◆ **What needs to be done**
Span requested from the data below: the line with "Tahari Linen Striped" through the line with "The Original Doll", both included. Give only these lines again, exactly, and leave every picture out.
====== Source records ======
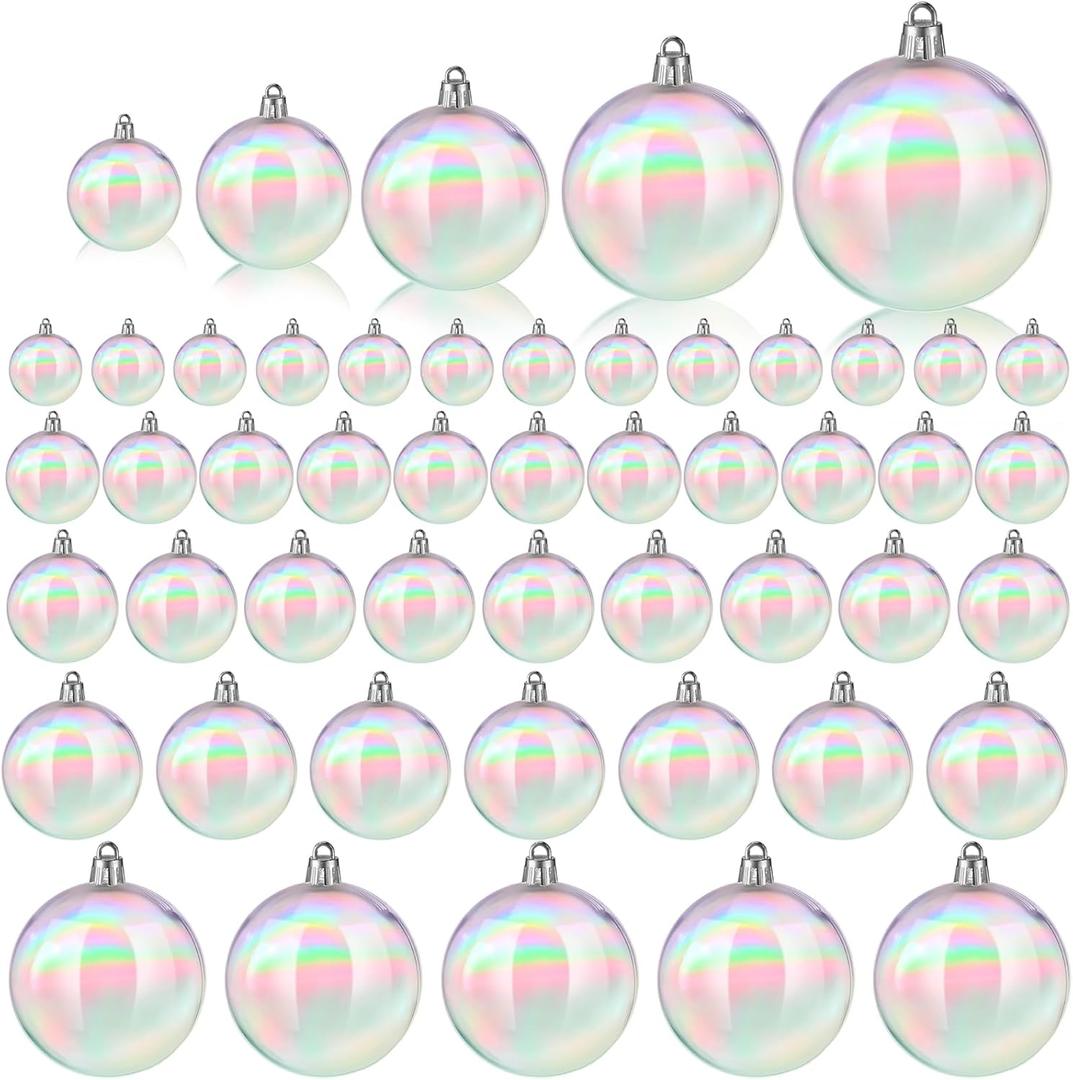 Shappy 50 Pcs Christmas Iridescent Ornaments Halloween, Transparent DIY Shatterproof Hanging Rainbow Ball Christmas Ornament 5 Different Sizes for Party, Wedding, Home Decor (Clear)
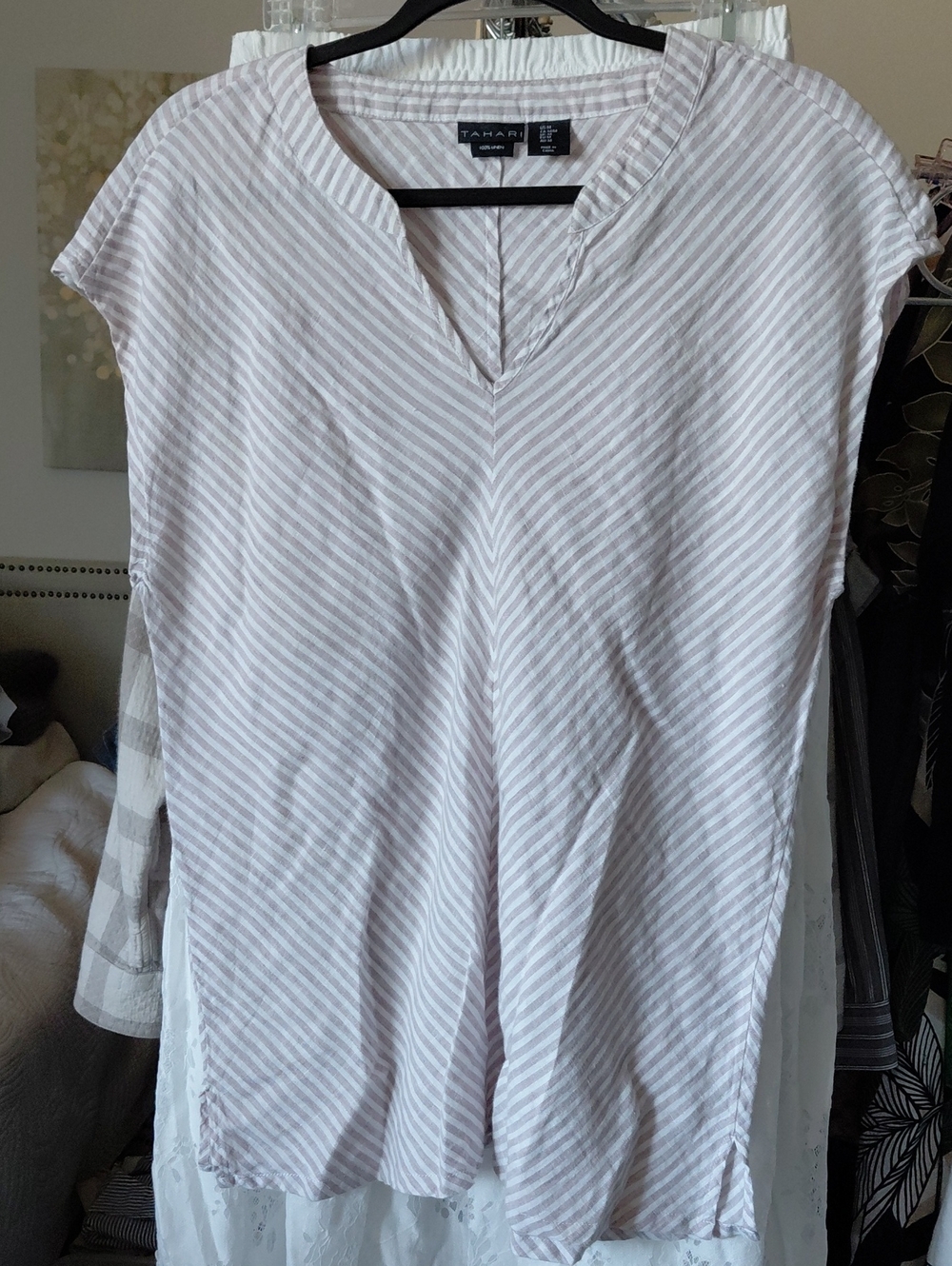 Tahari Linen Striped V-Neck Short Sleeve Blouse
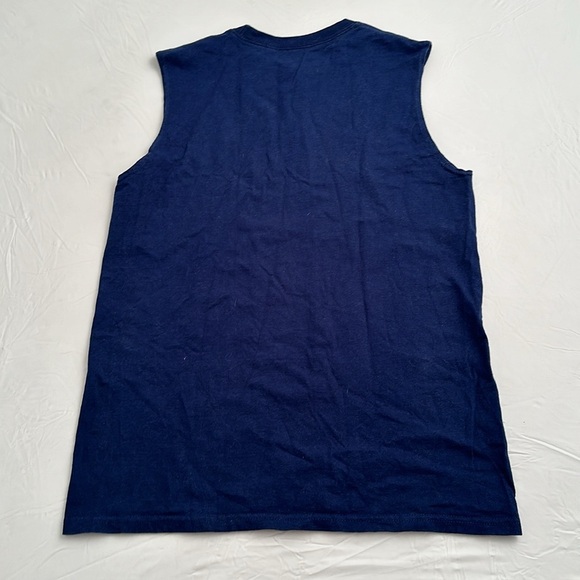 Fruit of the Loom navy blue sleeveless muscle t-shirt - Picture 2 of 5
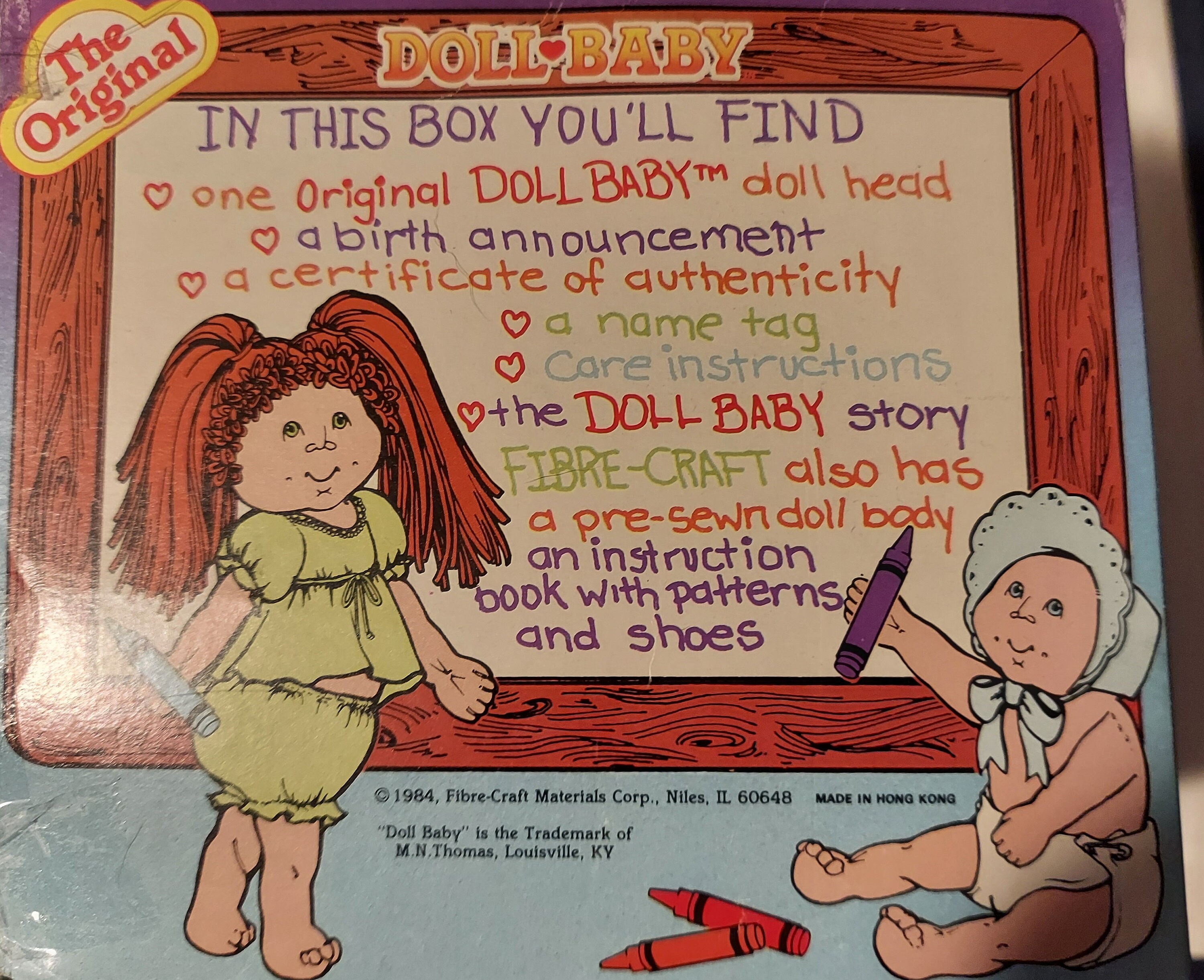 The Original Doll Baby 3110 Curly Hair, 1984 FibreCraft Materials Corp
======
====== Source records ======
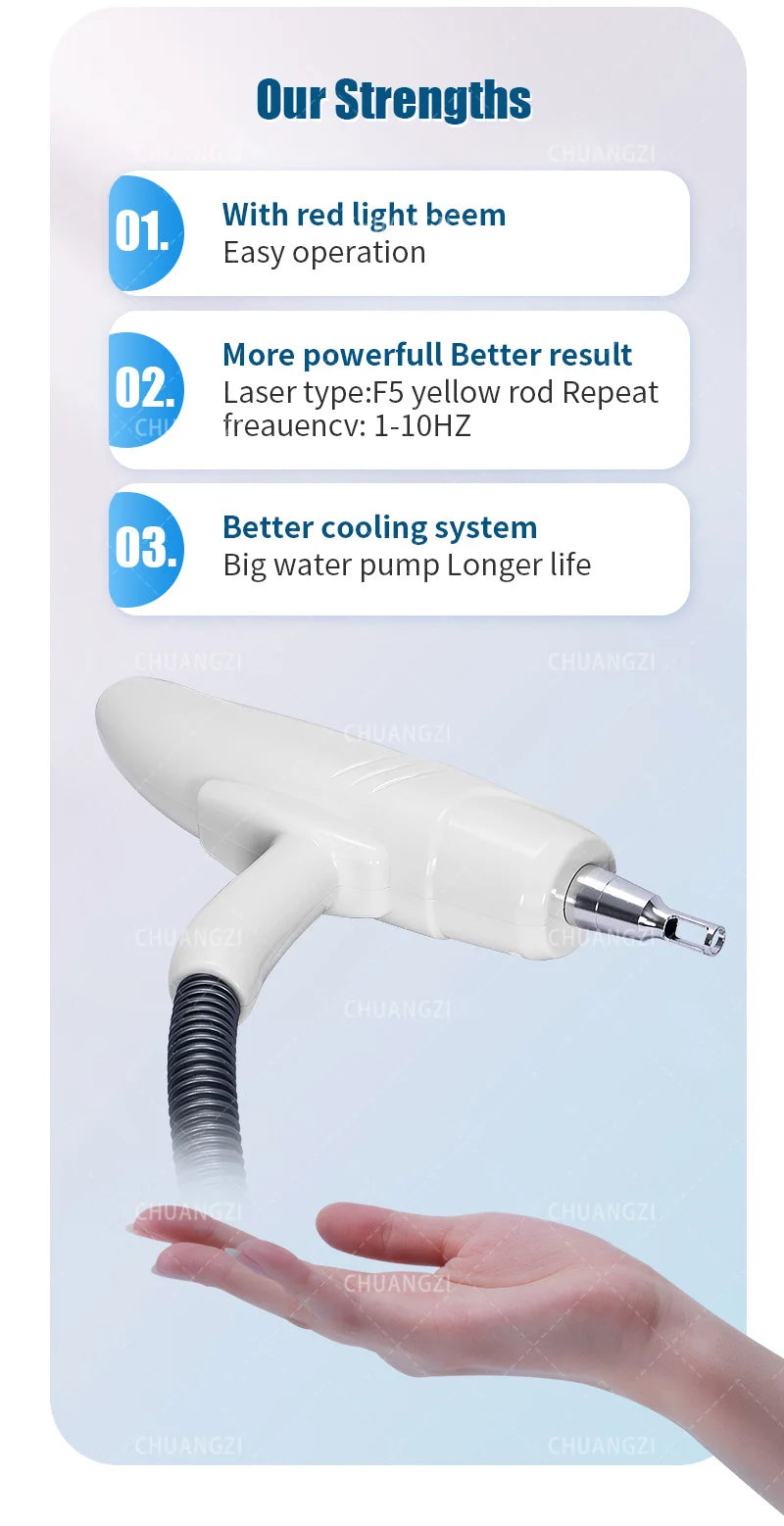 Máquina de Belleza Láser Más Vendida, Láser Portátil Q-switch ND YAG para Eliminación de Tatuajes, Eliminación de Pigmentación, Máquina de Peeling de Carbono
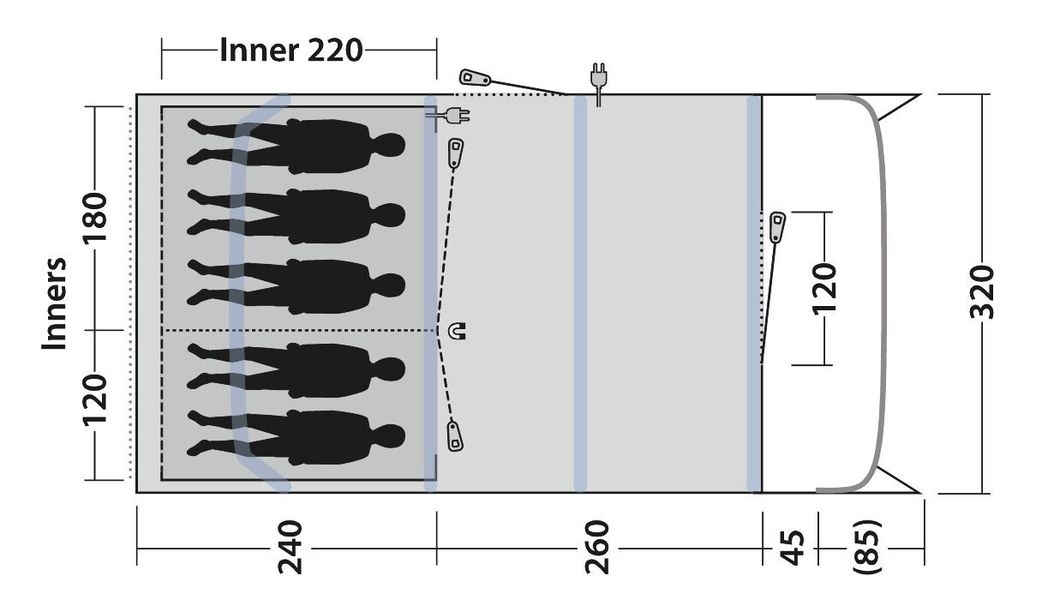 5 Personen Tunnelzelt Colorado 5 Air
======
◆ **Task result**
 Tahari Linen Striped V-Neck Short Sleeve Blouse
 Fruit of the Loom navy blue sleeveless muscle t-shirt - Picture 2 of 5
 The Original Doll Baby 3110 Curly Hair, 1984 FibreCraft Materials Corp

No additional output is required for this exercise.